A pergunta “O SUS é pra sempre? Veio pra ficar? É patrimônio nosso e ninguém tira da gente?”, para Gastão, não tem uma resposta simples. “Depende da nossa capacidade, de uma parcela grande da sociedade, de fazer essa defesa em cada bairro, no cotidiano dos serviços, nas eleições e nas mobilizações”, considera. O sanitarista ressalta o ideal de solidariedade que inspirou a criação do SUS, que prevê os princípios de equidade e universalidade — em que cada um recebe o cuidado de acordo com suas necessidades e o Estado deve prover o direito para toda a população. “Revendo a história do SUS e olhando o conservadorismo do Estado brasileiro, a pergunta que temos que fazer é a seguinte: Como o SUS existe num país tão elitista e conservador?”
Por ser uma política de caráter solidário, a defesa do SUS precisa acontecer cotidianamente, na avaliação de Gastão, na disputa de afetos e valores em todos os espaços da sociedade. “O SUS é baseado na solidariedade. É uma norma, uma lei muito generosa, mais generosa do que a cultura brasileira. Então temos que apostar em uma mudança da sociedade. E a sociedade pressionar partidos políticos, gestores, a mídia, a opinião pública, e apresentar argumentos e evidências contra esse discurso de que o SUS é ineficiente”, pontua. Gastão reforça que o SUS vai na contramão das políticas neoliberais e do princípio de que cada um pode se defender por si mesmo “com violência” e de que não precisamos de solidariedade. “O pensamento de que grande parte das saídas são coletivas depende do protagonismo de cada um, de cada grupo, cada coletivo e cada bairro. Ninguém resolve a saúde somente por si mesmo. Ninguém resolve a pandemia somente com sua família. Se resolver, é somente para a elite, que se tranca nos condomínios e aparentemente está resolvido”, reflete.

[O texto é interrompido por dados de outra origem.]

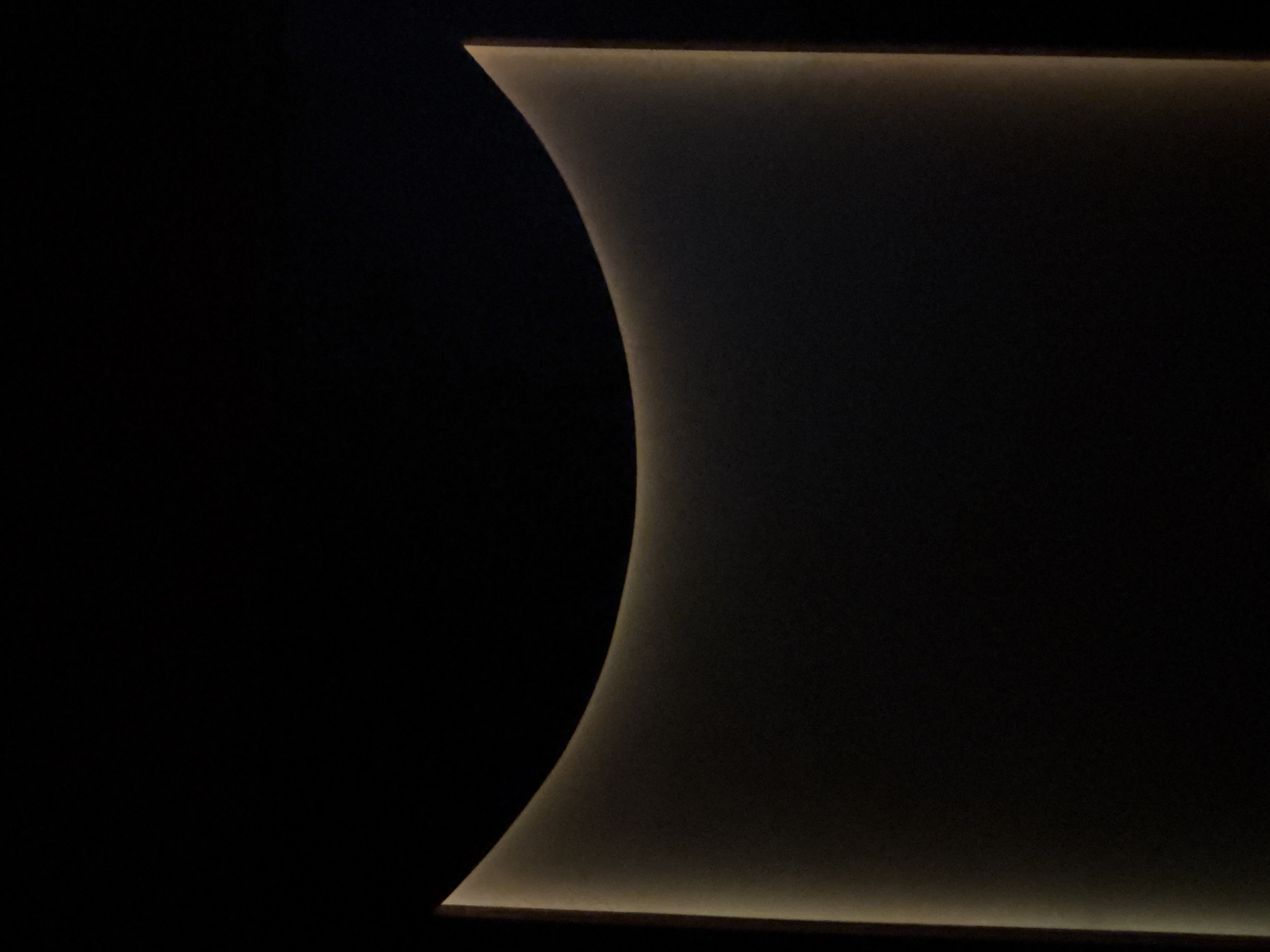 A dark, abstract interior view. The left side is completely black. On the right, an illuminated curved edge descends from the top and extends to the bottom of the frame. The top and bottom edges of this illuminated area are also straight, with a thin strip of light. The location in Plovdiv, Bulgaria is not discernible from the image.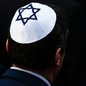 A man wearing a white yarmulke with a blue Star of David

As consequências da covid-19 no Brasil mostraram, de acordo com o sanitarista, a necessidade de um sistema público e universal como o SUS. “A pandemia chamou a atenção da população e fez emergir na consciência de grande parte das pessoas, nos vários estratos sociais e regiões do Brasil, que, em um momento de desespero, a maior parte da população vai ter que se socorrer do SUS”, afirma. Segundo ele, em um momento de grande necessidade, o SUS “em alguma medida respondeu”, apesar de todos os problemas. “Mesmo os setores mais conservadores, que nunca apoiaram o SUS, passaram a reconhecer que sem ele seria a barbárie”, aponta.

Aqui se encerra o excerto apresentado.